Getting a St. Patrick’s Day color is simple: bust out the blender and add baby spinach plus blanched broccoli florets (or previously frozen florets that have thawed out) to the milk before adding to your pasta. This is similar to our macaroni & cheese with carrots, or macaroni & cheese with cauliflower. The point is, why not add another layer of flavor, color and nutrition to an already good thing?
Broccoli Mac & Cheese
If you have anyone who will object to broccoli in her pasta–the way Phoebe kept asking Why do you keep putting broccoli in the macaroni?–use a food processor to get the chunks very small. If you want to use the blender twice (you’ll need it for the spinach), steam the broccoli in water using the microwave then blend.
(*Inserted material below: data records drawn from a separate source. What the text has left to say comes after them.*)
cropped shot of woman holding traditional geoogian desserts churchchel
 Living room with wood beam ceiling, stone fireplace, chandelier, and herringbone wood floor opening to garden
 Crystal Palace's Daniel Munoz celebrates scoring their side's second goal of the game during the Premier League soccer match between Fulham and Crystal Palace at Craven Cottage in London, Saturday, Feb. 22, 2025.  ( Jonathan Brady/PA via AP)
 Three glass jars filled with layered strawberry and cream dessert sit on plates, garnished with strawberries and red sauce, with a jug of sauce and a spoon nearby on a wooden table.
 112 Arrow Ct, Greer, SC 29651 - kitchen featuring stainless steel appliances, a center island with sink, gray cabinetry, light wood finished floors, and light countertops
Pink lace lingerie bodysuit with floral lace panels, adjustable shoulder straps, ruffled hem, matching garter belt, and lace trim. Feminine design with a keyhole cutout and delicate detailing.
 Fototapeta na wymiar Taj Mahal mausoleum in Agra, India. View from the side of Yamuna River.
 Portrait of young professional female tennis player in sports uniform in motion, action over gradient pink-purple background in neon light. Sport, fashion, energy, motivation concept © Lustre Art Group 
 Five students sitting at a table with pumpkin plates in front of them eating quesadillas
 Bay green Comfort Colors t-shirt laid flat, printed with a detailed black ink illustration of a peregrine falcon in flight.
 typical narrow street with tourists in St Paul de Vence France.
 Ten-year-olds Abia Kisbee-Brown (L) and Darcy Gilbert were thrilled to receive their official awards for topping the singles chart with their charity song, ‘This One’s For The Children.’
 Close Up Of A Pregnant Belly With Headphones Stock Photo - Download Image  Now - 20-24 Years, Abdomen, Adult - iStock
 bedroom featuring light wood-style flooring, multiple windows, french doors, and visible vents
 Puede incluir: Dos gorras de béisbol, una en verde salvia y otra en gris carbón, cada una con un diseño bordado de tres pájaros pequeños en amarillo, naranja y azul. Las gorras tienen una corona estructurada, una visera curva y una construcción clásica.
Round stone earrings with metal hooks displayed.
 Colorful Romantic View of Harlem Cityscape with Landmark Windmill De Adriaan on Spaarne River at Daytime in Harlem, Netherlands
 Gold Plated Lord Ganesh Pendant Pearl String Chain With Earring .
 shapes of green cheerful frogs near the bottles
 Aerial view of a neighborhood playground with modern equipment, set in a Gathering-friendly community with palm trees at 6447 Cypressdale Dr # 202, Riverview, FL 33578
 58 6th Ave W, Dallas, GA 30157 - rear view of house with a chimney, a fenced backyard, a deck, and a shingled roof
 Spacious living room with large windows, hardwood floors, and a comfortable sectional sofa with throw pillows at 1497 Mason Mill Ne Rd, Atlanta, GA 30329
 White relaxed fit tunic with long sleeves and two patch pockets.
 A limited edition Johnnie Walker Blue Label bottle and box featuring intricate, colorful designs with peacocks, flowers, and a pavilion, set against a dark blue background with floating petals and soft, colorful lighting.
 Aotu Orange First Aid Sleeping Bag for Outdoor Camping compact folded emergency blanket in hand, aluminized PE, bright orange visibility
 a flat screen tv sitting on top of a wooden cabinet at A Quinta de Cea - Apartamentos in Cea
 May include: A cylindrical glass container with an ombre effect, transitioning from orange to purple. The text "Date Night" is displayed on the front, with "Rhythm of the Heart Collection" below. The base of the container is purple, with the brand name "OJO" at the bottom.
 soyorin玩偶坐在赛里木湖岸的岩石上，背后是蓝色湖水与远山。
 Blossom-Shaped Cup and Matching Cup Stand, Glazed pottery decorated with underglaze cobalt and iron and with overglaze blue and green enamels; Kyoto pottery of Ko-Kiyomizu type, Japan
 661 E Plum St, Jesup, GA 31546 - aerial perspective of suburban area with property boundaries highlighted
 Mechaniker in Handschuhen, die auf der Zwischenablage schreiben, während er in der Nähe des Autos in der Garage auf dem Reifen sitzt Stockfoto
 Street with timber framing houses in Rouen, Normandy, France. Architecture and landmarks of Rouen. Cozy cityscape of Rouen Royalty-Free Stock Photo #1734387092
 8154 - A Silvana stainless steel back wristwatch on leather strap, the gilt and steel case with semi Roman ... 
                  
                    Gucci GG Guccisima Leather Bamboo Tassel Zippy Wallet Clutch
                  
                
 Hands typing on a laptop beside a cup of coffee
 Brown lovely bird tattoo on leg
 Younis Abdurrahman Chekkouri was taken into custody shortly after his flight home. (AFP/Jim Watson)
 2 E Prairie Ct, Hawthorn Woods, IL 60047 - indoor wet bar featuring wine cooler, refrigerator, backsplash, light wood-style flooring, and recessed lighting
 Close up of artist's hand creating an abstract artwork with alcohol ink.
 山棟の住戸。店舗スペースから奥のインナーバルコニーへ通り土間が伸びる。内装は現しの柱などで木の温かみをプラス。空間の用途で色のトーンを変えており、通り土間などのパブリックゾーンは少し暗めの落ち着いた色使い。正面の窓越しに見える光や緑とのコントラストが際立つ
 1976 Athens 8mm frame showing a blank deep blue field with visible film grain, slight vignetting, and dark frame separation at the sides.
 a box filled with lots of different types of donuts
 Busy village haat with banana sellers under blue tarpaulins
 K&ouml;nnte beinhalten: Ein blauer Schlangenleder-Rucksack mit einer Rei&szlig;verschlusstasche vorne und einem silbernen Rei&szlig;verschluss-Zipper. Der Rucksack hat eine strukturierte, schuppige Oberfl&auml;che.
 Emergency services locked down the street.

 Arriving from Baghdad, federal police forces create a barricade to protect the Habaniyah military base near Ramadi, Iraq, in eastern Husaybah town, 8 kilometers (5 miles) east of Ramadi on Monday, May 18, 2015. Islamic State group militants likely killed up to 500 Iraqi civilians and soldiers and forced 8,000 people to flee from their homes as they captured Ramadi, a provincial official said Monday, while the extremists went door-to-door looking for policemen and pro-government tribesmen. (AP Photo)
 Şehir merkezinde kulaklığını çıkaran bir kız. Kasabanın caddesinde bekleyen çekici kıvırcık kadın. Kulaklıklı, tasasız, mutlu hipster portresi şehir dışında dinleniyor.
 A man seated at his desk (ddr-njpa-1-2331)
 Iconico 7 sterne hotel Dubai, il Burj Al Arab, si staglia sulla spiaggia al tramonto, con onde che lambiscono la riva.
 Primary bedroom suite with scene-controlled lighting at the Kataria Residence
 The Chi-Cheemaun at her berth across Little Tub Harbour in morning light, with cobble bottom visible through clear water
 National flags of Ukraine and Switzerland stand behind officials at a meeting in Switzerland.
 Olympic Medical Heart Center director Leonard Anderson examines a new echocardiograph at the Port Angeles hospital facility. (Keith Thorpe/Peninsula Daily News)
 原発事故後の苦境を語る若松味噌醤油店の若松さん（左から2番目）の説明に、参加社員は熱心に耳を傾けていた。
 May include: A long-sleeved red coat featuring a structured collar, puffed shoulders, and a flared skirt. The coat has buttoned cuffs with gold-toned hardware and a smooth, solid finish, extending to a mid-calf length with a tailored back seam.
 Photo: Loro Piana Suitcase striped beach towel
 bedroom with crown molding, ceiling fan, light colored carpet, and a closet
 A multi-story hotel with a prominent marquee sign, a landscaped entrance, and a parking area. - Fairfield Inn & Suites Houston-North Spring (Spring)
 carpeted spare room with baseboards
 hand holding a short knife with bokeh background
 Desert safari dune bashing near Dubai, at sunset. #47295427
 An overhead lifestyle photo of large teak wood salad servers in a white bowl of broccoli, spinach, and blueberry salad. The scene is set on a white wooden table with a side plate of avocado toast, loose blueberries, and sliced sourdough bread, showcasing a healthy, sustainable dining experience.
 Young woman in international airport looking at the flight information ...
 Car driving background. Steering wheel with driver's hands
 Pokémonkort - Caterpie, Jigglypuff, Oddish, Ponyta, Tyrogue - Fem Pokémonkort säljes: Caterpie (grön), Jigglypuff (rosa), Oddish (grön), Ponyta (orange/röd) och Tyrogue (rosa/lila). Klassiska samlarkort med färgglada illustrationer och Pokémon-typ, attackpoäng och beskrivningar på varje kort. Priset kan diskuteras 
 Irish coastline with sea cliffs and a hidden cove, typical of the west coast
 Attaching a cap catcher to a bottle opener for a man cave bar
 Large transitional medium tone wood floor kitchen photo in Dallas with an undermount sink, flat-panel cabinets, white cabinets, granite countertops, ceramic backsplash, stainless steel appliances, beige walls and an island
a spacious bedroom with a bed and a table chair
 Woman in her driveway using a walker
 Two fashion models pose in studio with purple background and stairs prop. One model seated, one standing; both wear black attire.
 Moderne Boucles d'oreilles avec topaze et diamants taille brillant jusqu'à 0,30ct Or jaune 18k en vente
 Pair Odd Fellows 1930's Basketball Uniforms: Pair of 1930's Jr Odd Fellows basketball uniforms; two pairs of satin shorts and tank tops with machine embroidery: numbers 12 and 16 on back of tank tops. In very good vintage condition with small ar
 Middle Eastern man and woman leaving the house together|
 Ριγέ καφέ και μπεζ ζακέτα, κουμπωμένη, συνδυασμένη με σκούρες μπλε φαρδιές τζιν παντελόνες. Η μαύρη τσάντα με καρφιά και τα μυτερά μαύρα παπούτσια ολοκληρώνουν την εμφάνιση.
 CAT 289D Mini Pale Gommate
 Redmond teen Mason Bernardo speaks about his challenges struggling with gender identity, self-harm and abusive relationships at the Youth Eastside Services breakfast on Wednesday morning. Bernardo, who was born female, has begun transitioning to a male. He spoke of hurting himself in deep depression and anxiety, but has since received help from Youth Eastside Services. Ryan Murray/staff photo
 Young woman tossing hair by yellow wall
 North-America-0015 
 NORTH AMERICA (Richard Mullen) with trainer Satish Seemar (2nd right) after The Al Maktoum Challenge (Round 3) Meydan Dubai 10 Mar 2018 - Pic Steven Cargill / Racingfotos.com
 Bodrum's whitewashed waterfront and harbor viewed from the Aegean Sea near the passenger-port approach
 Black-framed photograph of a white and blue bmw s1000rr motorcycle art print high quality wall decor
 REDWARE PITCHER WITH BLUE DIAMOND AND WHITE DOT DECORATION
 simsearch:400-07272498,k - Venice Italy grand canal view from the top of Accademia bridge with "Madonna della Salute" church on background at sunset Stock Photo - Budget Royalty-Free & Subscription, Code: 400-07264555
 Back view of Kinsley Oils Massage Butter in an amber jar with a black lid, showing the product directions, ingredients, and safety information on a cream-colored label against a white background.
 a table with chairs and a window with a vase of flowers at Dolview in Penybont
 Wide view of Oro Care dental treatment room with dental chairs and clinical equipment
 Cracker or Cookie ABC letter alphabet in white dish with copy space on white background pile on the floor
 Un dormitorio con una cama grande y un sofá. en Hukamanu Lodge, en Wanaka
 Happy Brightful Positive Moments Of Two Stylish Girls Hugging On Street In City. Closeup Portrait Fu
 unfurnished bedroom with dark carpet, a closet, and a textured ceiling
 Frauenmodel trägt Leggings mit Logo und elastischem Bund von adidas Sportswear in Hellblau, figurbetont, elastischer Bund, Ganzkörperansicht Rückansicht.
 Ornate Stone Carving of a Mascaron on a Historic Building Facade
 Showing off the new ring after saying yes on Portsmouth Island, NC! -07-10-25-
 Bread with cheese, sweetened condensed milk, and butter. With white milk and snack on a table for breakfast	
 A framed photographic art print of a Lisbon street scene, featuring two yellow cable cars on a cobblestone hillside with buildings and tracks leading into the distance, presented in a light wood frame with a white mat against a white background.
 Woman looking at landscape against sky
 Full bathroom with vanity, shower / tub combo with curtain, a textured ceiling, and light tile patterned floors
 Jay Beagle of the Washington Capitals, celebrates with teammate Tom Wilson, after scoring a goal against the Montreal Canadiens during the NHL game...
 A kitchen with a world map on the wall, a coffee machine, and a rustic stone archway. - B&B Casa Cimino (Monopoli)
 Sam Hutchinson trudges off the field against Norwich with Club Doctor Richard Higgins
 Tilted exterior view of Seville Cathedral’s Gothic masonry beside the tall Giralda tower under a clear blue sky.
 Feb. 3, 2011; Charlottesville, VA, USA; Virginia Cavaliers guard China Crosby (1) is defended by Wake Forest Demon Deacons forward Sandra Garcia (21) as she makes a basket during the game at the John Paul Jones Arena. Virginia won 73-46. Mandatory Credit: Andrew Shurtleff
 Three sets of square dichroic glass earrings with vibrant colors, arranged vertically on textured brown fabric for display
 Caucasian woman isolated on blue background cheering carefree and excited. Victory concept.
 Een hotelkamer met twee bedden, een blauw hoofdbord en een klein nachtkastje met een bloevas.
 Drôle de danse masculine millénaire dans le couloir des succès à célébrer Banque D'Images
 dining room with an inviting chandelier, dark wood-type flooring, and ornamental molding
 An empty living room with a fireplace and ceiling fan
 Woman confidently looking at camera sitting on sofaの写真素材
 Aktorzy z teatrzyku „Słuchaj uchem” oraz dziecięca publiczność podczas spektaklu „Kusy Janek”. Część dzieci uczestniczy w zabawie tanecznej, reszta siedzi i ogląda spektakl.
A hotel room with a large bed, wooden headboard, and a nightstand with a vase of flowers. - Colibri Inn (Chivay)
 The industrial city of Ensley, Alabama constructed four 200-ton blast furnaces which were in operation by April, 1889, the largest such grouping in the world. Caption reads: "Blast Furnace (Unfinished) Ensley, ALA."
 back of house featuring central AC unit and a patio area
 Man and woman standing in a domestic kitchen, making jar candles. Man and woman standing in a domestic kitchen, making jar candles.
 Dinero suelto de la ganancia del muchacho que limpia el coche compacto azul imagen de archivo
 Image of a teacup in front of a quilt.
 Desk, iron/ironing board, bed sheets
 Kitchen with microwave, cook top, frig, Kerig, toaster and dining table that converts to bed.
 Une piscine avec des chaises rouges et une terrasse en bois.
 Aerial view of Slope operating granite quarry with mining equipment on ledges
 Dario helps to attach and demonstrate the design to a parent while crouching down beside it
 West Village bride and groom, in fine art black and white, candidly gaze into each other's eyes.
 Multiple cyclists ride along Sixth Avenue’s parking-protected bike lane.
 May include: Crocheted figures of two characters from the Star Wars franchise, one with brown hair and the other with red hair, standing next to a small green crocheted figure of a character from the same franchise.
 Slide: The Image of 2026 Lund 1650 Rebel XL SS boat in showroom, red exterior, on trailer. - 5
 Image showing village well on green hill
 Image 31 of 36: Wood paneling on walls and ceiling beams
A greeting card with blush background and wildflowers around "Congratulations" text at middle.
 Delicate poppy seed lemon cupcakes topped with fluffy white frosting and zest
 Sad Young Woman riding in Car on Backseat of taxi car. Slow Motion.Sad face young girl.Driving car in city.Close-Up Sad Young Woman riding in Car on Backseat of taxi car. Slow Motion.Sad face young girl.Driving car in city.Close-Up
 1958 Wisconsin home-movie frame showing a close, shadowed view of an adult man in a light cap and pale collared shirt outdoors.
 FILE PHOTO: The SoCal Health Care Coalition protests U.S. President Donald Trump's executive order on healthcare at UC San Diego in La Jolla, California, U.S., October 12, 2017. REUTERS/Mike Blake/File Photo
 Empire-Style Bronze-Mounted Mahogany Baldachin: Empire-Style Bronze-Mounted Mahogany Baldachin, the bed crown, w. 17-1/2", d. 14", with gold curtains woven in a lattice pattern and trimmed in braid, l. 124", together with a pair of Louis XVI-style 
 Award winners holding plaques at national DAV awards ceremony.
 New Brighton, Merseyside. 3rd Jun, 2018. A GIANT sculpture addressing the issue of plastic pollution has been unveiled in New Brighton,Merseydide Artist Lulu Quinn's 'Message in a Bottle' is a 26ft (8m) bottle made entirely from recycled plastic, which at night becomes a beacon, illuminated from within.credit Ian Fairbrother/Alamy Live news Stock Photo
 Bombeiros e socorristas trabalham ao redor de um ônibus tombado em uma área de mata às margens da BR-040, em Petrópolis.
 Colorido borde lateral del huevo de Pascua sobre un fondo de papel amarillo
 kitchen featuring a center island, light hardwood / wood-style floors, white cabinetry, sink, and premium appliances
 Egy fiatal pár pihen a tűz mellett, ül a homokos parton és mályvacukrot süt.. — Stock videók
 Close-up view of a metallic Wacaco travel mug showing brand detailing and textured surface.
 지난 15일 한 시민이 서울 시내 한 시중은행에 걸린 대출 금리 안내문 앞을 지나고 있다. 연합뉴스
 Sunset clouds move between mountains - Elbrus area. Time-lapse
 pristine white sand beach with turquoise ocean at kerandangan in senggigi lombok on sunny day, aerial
Pour the whole broccoli mixture into the pasta at the 3rd step below, instead of adding to the pasta water to cook.
- 2 cups whole wheat macaroni
- 2 cups pureed/chopped up broccoli
- 1/4 cup whole milk
- 1 cup fresh spinach
- 2 1/2 cups grated sharp cheddar cheese
- 1/4 cup (1/2 stick) unsalted butter, cut into pieces
- 3/4 cup sour cream
- 2 large eggs, beaten
- 1 teaspoon kosher salt
- 1/4 teaspoon freshly ground black pepper
- 1/4 cup finely grated parmesan cheese
Preheat oven to 400°F and grease 8-inch square baking pan.
Cook macaroni according to package instructions in a large pot of salted boiling water; add chopped broccoli 3 minutes before pasta is finished cooking; drain well. Use a blender to combine milk and spinach.
While pasta is hot, stir in all but 1/2 cup of the cheddar, butter, sour cream, milk + spinach, eggs, salt, and pepper.
Scrape the mixture into the prepared pan. Sprinkle the remaining cheddar and the parmesan over the top. Bake until the casserole is firm to the touch and golden, green-ish brown, about 30 minutes.